In his recent Facebook wall post, Professor Ansah Asare noted, “we are told and asked to accept that the 18-person committee is to help ensure the smooth running of the November 7 general election.
“The constitutional responsibility of the 7-person EC is to ensure the smooth running of elections. Is the committee supplanting the Commission? Can the EC even appoint such a Steering Committee, given that the EC is exercising delegated power?”
He continued; “Assuming the committee is not supplanting the Commission, an obvious question is exactly how is the Committee going to do whatever it is supposed to do? Where is the regulation that describes the committee's responsibility?
“Depending on what the committee is tasked to do, it might be more helpful to allow the political parties and other groups, rather than the EC, to nominate its members. Alternatively, a different mode of appointment may be better if the committee is to play a security, fundraising, legal, education, etc. function,” he added.

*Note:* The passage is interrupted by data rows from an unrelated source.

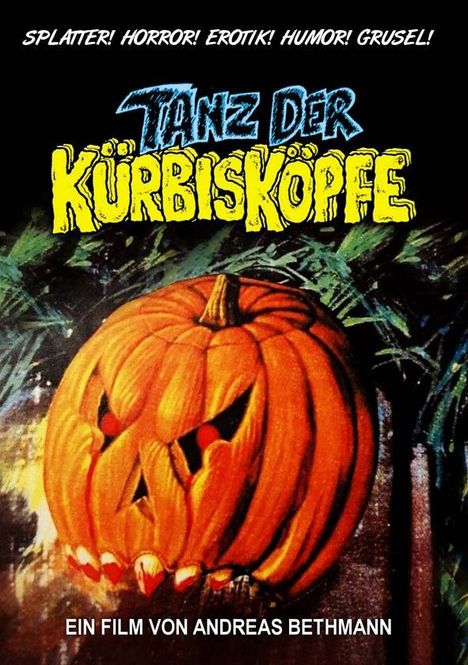 Tanz der Kürbisköpfe, DVD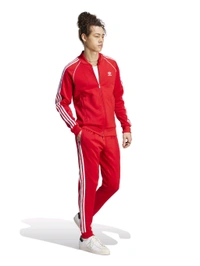 Adidas  Sst Red Stripes Trackpants - Guardsman Red, M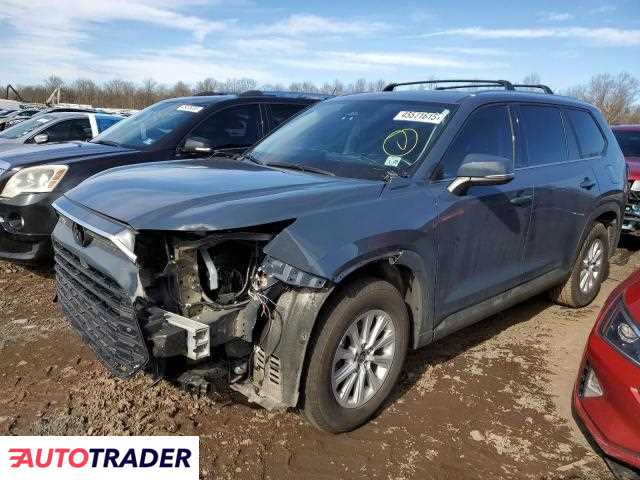 Toyota Highlander 2024 2 Toyota Highlander 2024 2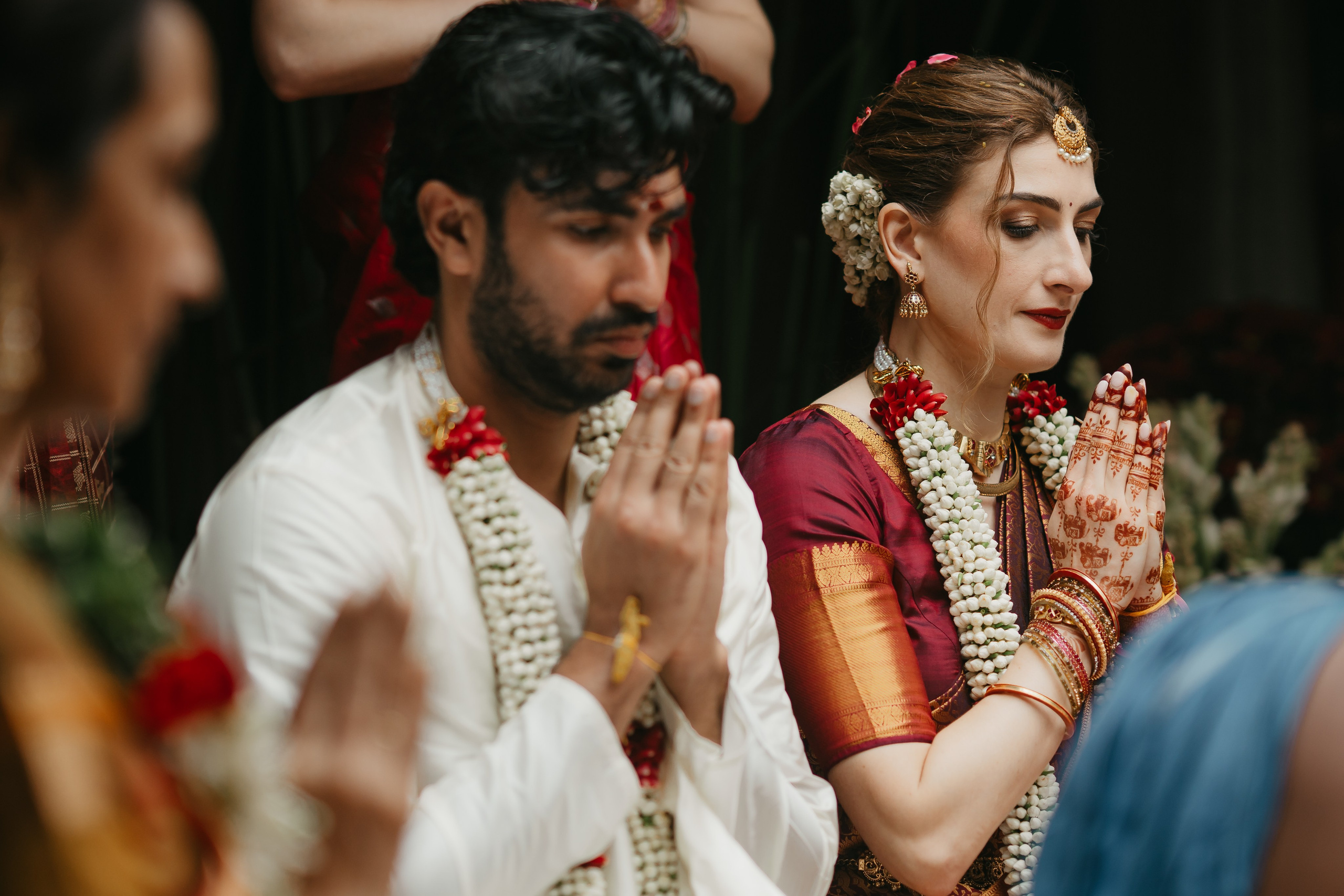 CIARA & RUSHI. Wedding photographer Sijo chacko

Prof. Prempeh on his part observed; “there's a more fundamental question of mandate: What is this 18- member body going to do exactly? Who created it? The EC chair or by a resolution of the multi member EC taken at regular or special meeting of the Commission?
“What is the relationship of this committee to the Commission as a collective body? Since we have never had or needed such a 'steering committee' in any of our past elections, why now? Who determined the composition and membership and by what criteria or process were the members selected?” he asked.
Apart from the in house lawyers, the chairperson of the EC, Mrs. Charlotte Osei is also a trained lawyer. The Chronicle is, therefore, advising her and other members of the commission to critically study the arguments of Professors Prempeh and Ansah Asare before taking any entrenched position on the issue. We admit that the EC is an independent body, which must not be subjected to any control. This does not, however, mean that it cannot be reined in, if it is going wayward.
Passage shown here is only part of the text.